From: Jason <jbeasley.shadowknife.com>
Date: Mon, 19 Aug 2002 15:18:24 GMT

Donald Welsh wrote:
> "Viki" <vvidt.netscape.net> wrote:
>>"Enrico" <spenricoam.spschiratti.comam> wrote:
>>: > You're just trying to trick us into writing down an unwritten law.
>>: Damn... you are a tough crowd to troll.
>>:
>>
>>Sheeeah, some of us are easy...
>>
>>
>>
>>what are y'all looking at?
>
>
> Nothing, you just have a spot on your blouse. Here, I'll wipe it off.

I could be wrong, but I don't think the technical term for that is "wiping".

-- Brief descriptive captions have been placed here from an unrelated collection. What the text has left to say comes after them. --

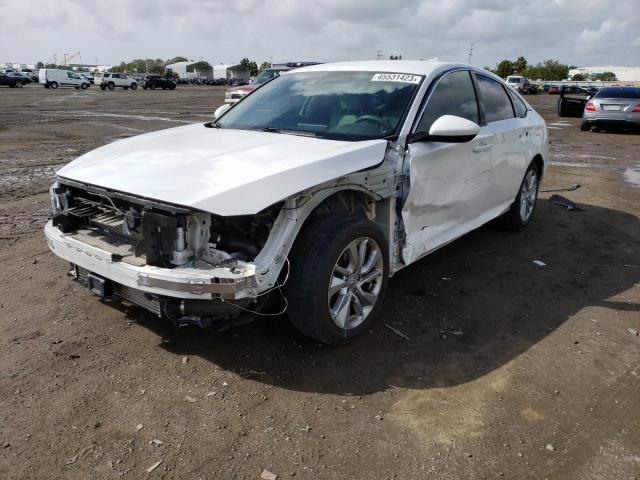 HONDA ACCORD LX 2018 1hgcv1f13ja228009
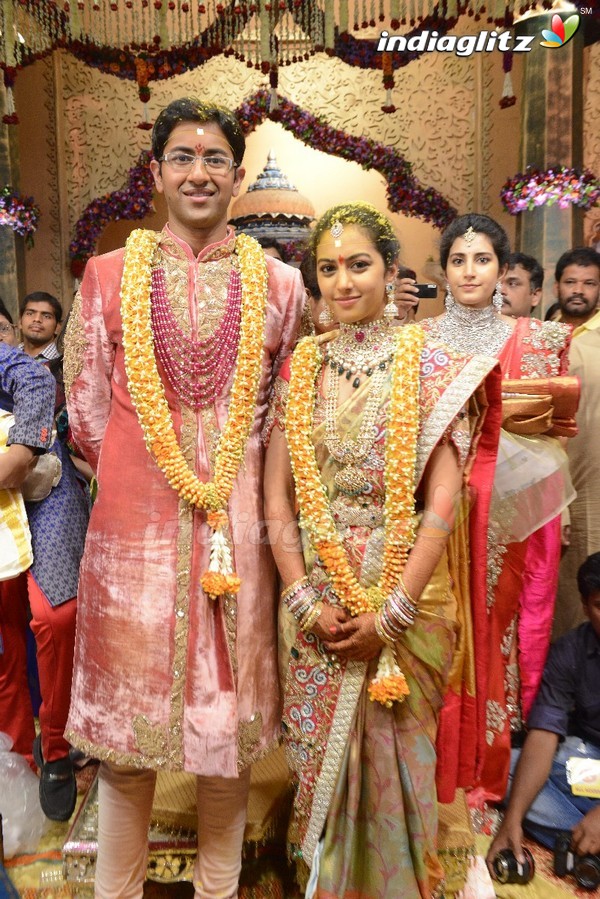 Balakrishna's Daughter Tejaswini Wedding (Set-5)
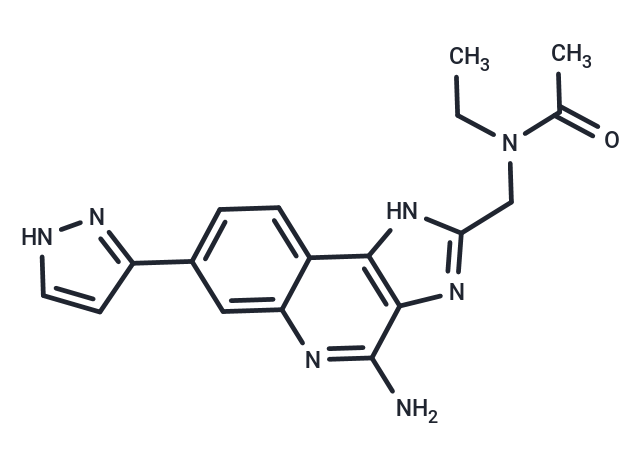 BMS986299 Chemical Structure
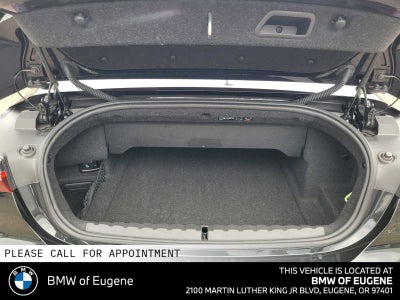 2025 BMW 4 Series 430i xDrive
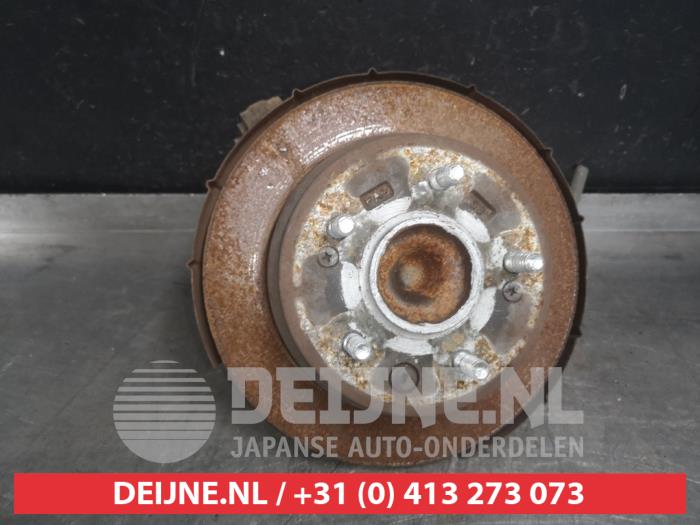Hyundai IX35 Fusee links-achter O522935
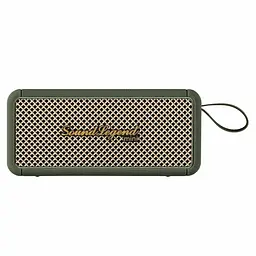 Портативна акустика 2E SoundLegend Mini BT 5.3 PowerBank IPX6 Green 40 Вт (2E-BSSLMWGN) - мініатюра 2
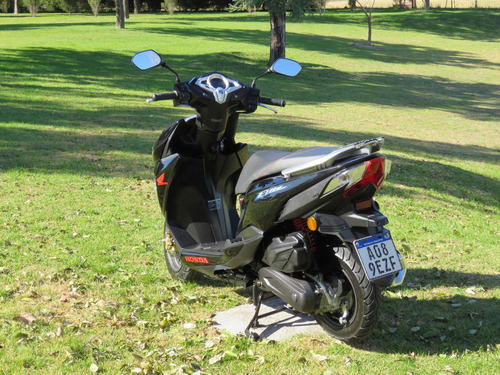 Imagen 9 de 9 de Honda Elite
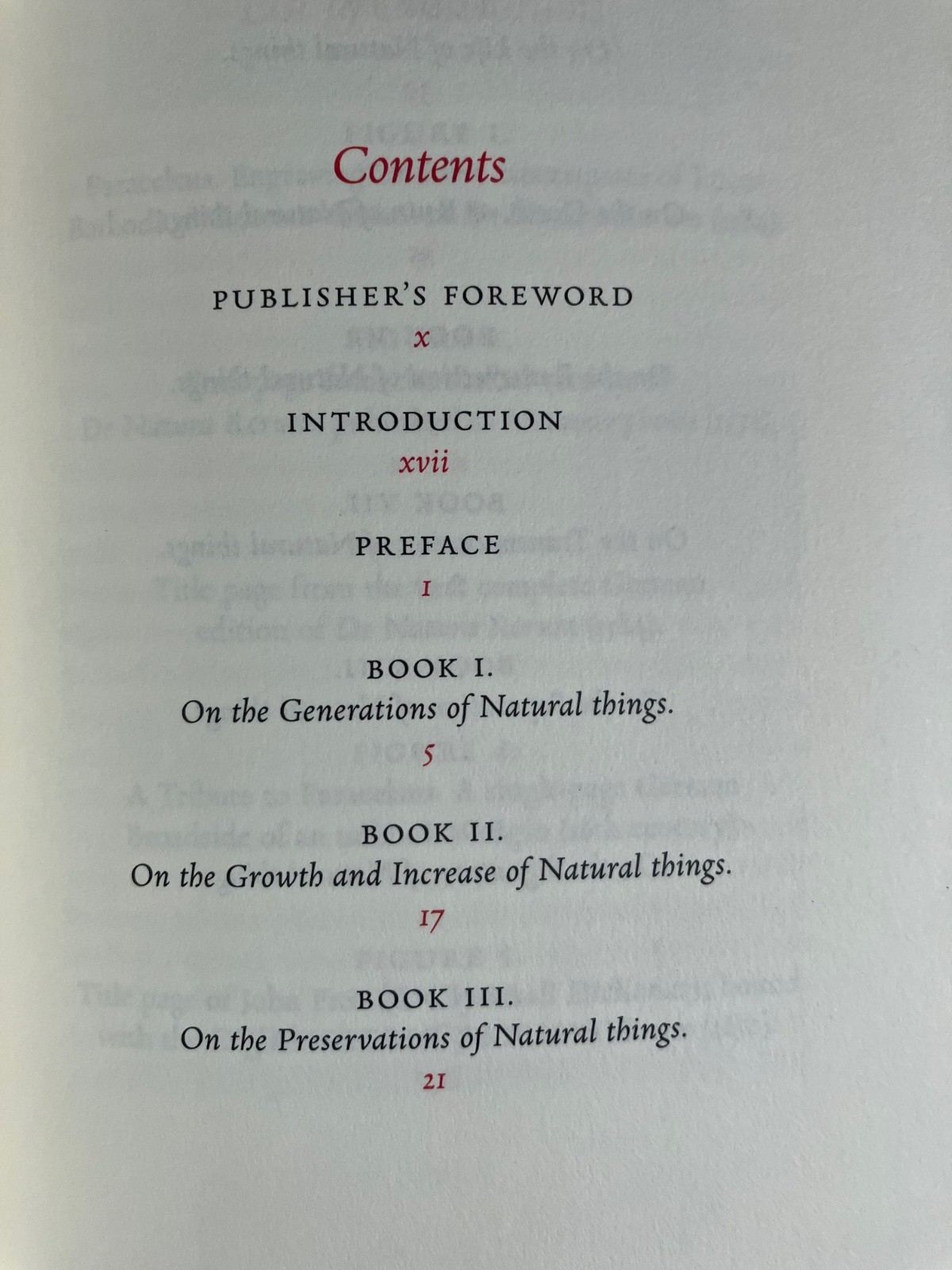 De Natura Rerum, or, On the Nature of Things – Paracelsus – Aula Lucis – Rare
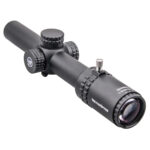 VO GRIMLOCK 1-6x24 SFP GenII LPVO Riflescope - Black - obrazek 2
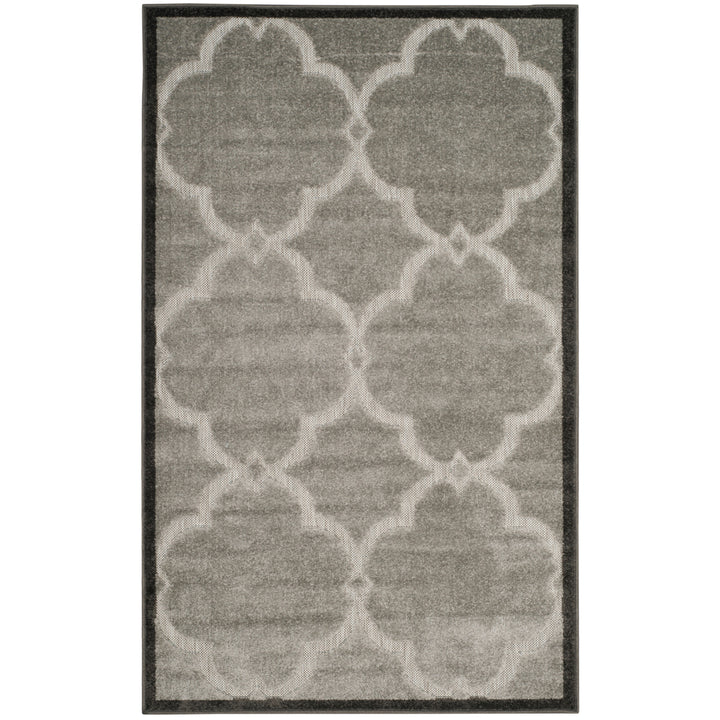 SAFAVIEH Cottage Collection COT926C Grey Rug Image 5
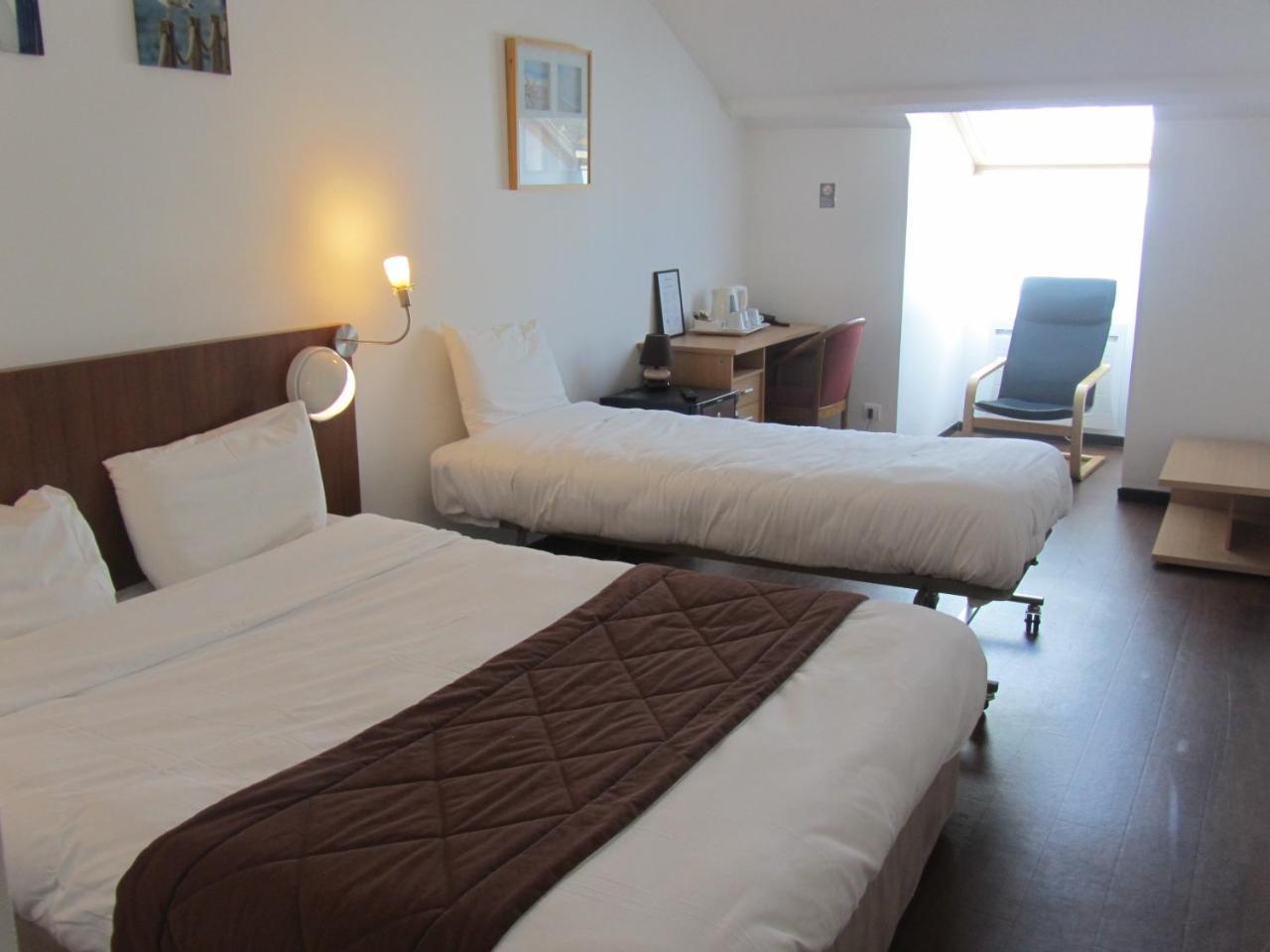 Hotel Le Saint Joseph Екстериор снимка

Newsgroups: rec.humor.oracle.d
Subject: Re: De-Lurking - Political?
From: Sid <sid.nospam.net>
Date: Sat, 17 Aug 2002 03:10:50 +0800

"Enrico" <spenricoam.spschiratti.comam>wrote:
>Hi,
>I have been just reading a bit here on and off - quite a chuckle-inducing bunch you are. I just wonder, it never seems to get political around here. Is this some unwritten law or saturation?

GW Bush is an idiot. Welcome aboard. Please step in the glass bowl.

Sid, microwaving for a change


Newsgroups: rec.humor.oracle.d
Subject: Re: De-Lurking - Political?
From: sjc <spam.pieceoftheuniverse.com>
Date: Fri, 16 Aug 2002 16:24:06 -0600

~Steve-o wrote:
>sjc <spam.pieceoftheuniverse.com> wrote:
>> Anyone have a sharpener I could use?
>As long as you promise to quit using it on the top of your head.

Scarily enough, this reminds me of a little stunt I pulled when I was a yung'un:

Having come to the conclusion that inside a pencil sharpener were tiny little blades, I came to school after having seen an infomercial advertising those vacuum-haircut things (putting the blade of a vacuum to good use, adjustable blade, pull your hair while cutting -- you've probably seen the same infomercial. It's not like it's been changed over the years). My parents having said that I needed a haircut *anyway*, I figured, well, I'm a bit early to class, so ...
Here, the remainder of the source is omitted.